Baker Hughes, Inc. v. Keco R. & D., Inc

In Baker Hughes, Inc. v. Keco R. & D., Inc., 12 S.W.3d 1 (Tex. 1999), the legislature had enacted a three-year statute of limitations for trade secret appropriation claims after the two-year statute had already passed as to the plaintiff's claims. 12 S.W.3d. at 3-4. The new statute of limitations also adopted the application of the discovery rule to trade secret appropriations claims. Id. at 3. Although the enabling legislation purported to apply the new statute of limitations to actions pending at the time it was passed in which the trial had not yet begun, the supreme court held that the defendant, Baker Hughes, was entitled to rely on the two-year statute of limitations because it had vested before the new, extended statute of limitations was passed. Id. The supreme court had also previously determined that the discovery rule did not apply under the two-year limitations statute.

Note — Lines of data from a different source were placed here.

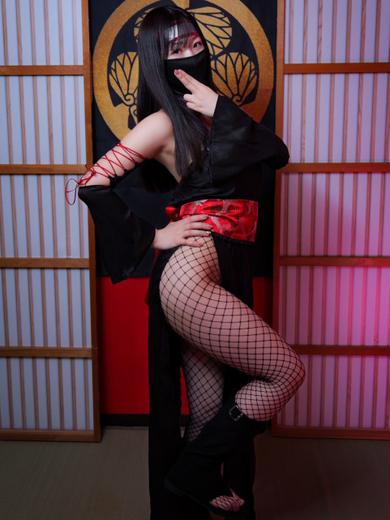   TSUBAKI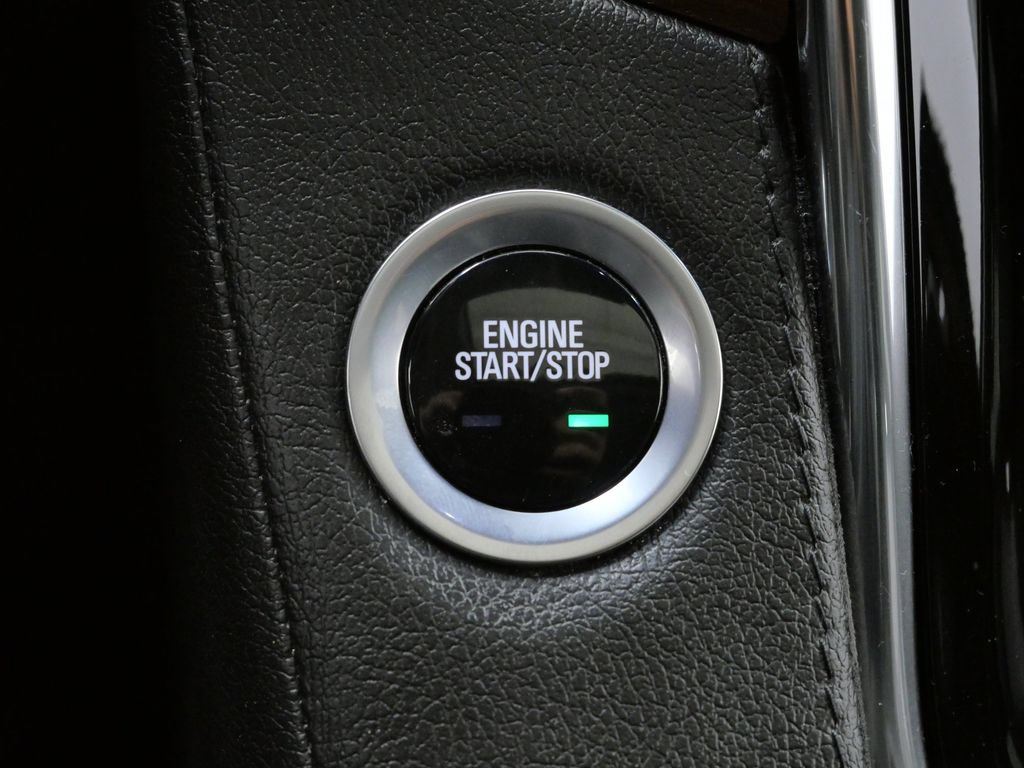 Used 2018 Cadillac Escalade Luxury AWD/4WD image 26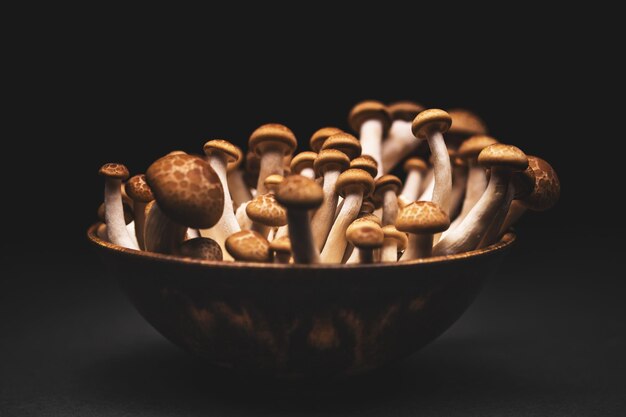 Photo close-up of coffee beans on table against black background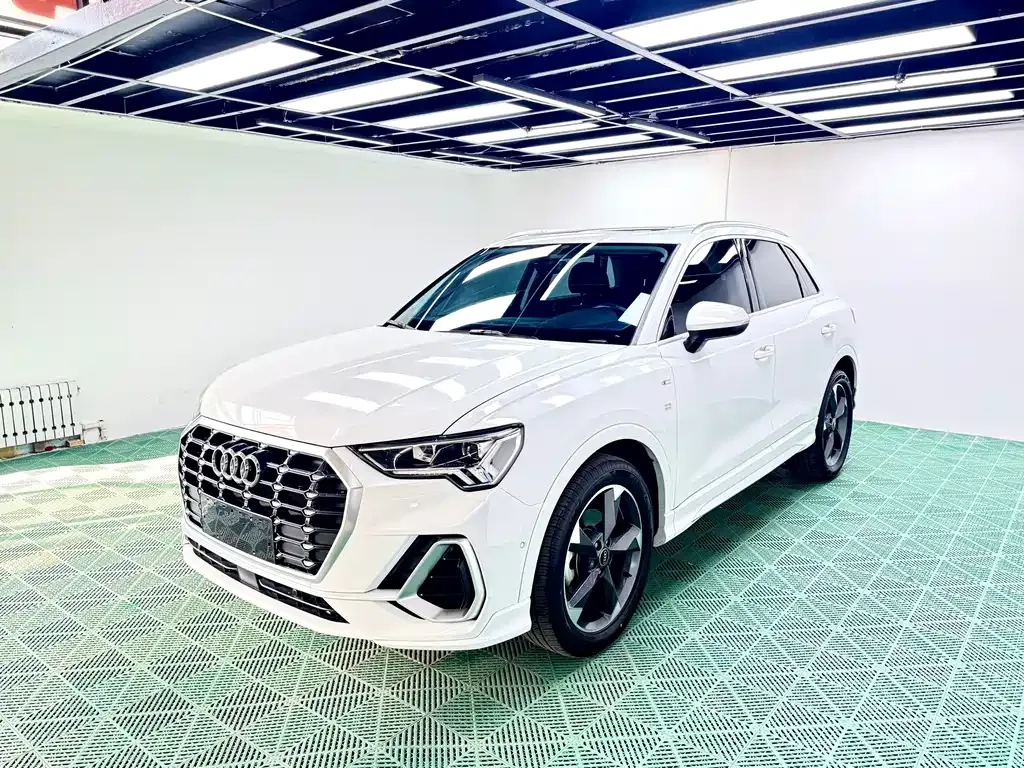 Audi Q3 — фото 1
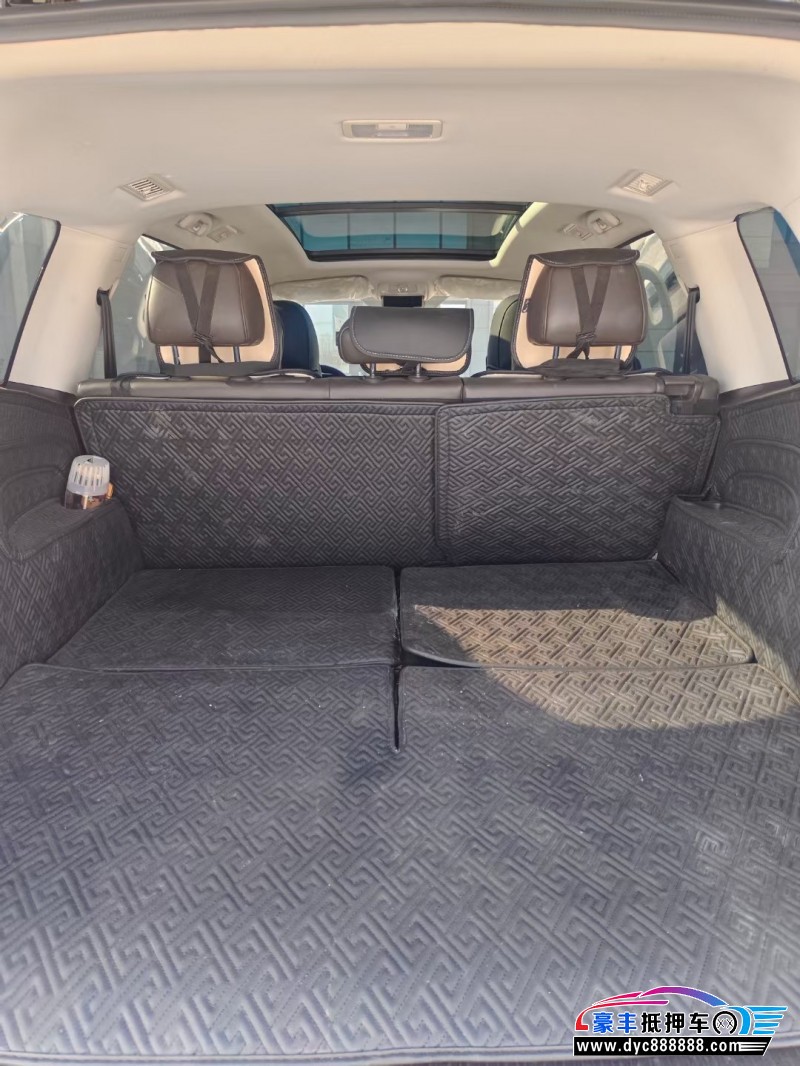 22年荣威RX8轿车抵押车出售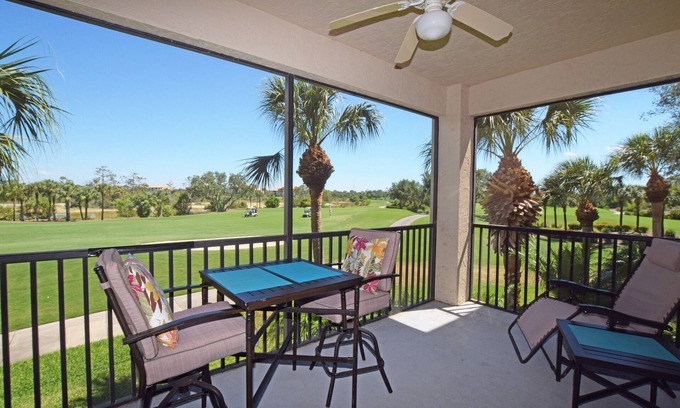 Estero Condominio | Tarifa reducida! Escapada de golf en Florida en su mejor momento. Acceso a la playa también!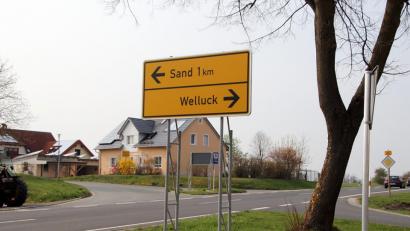 Bild: jma
Die neuen Schilder, die den Landwirten die Sicht nehmen.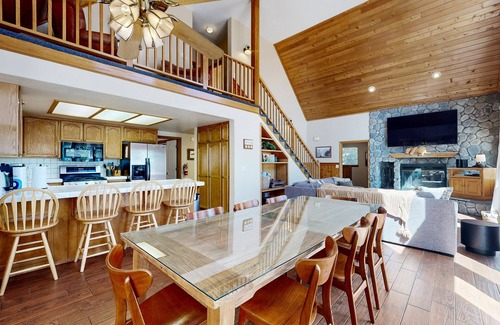 Upper Moonridge House | Moonridge Alameda #570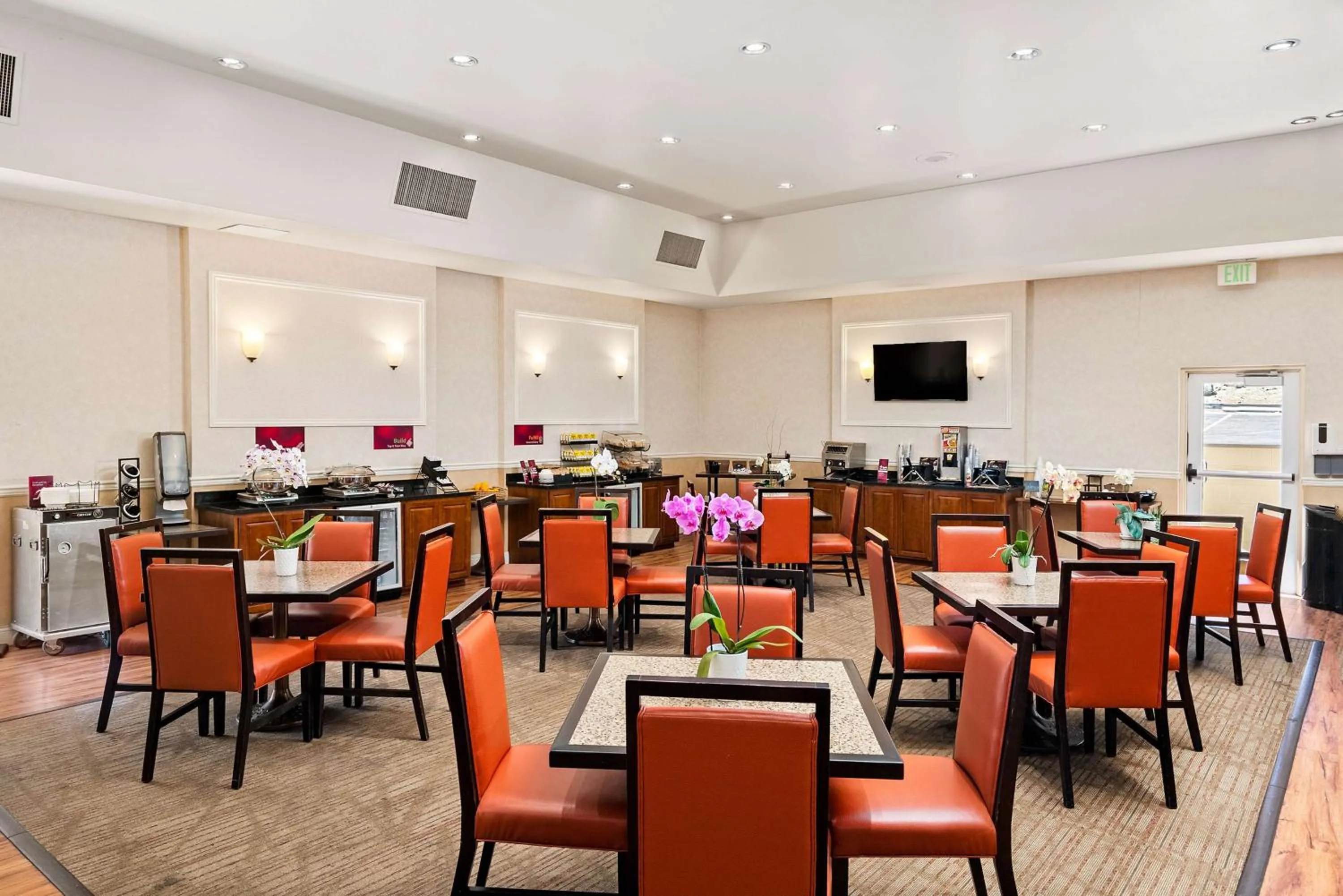 Breakfast in Best Western Plus Royal Oak Hotel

Id. at 4-5. The Texas supreme court reaffirmed "settled law" that, "after a cause has become barred by the statute of limitation, the defendant has a vested right to rely on such statute as a defense." The court continued, "To permit barred claims to be revived years later would undermine society's interest in repose, which is one of the principal justifications for statutes of limitations." Id. The court explained, "We have written that a statute extending the limitations period of a claim already barred by limitations violates the Texas Constitution's prohibition against retroactive laws, which is article I, section 16." Id.